野菜や雑貨類などの物価も運搬費がかかる分、思った以上に高かった。現在の生活費は月に20万円程度だ。計画通りにはいかなかったが、夫婦ともにここの生活に満足している。

君江さんも「これまで便利なところに住んでいたので、不便は逆に楽しい。自然があるのが一番ですね」という。

収入は当初、蝶館の入館料300円を当てにしていたが、現実は計画の3分の1に留まっている。しかし、石垣島を訪れる蝶マニアのガイド業務(1日1万円)が増え、いまは週平均3回ほど、シーズンになると毎日予定が埋まるほどだ。

このほか、生きた蝶や標本をコレクター、植物園、動物園などに販売する仕事も増えており、平均月収40万円ほどは確保している。

「そりゃ生活に不安はありますよ。お客さんが来てくれるかどうかわかりませんから。今後、ある程度は事業の拡充をしないといけないかなと思いますが、事業を続ける目標は65歳まで。
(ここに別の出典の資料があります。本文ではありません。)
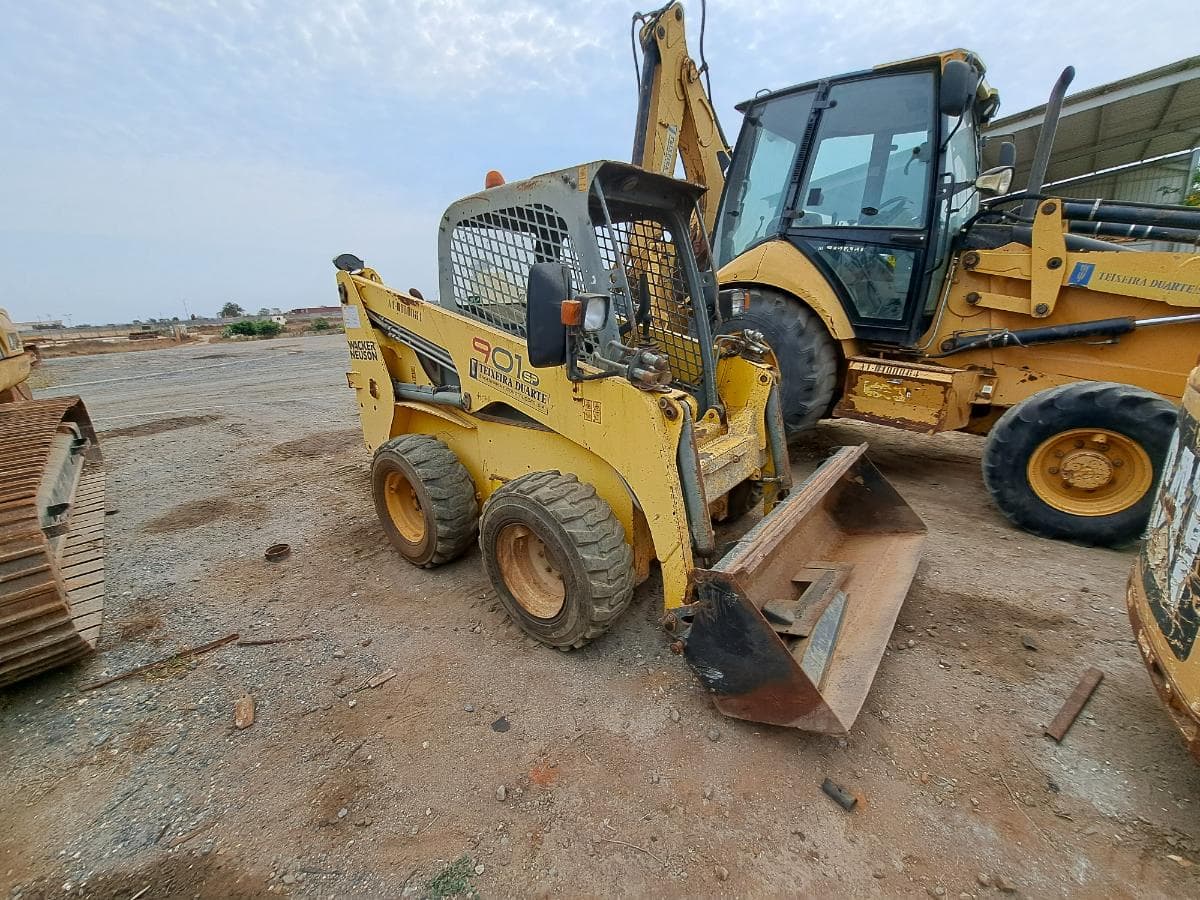 Mini pá carregadora (3 Ton.) WACKER NEUSON 901SP · Viana — image 5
その後は年金で暮らすつもりです。私はビジネスをしたくてここに来たわけではない。生活できるだけの収入があればいいんです」

のんびりしようと思って移住した石垣島だが、いまの生活は毎日が忙しいという。1週間のうちガイドと販売のための蝶採集、事務作業で6日がつぶれ、残り1日が蝶と遊ぶ自分のための時間だ。

「1週間がアッという間に過ぎますが、好きですからね。楽しんでいます」

君江さんは、蝶館の隣に建てた「飼育館」で蝶の飼育を担当している。採集した分、環境に影響を与えない程度に育てた蝶を自然に返している。

「蝶だけでなく虫が好きなんです。幼虫はかわいいですよ」と君江さん。

蝶を縁に夫婦の絆を強め、石垣島に移住した入野夫妻にかつての生活への未練など少しもない。定年後ではなく、途中でサラリーマン生活を打ち切る覚悟が移住成功の秘訣だろう。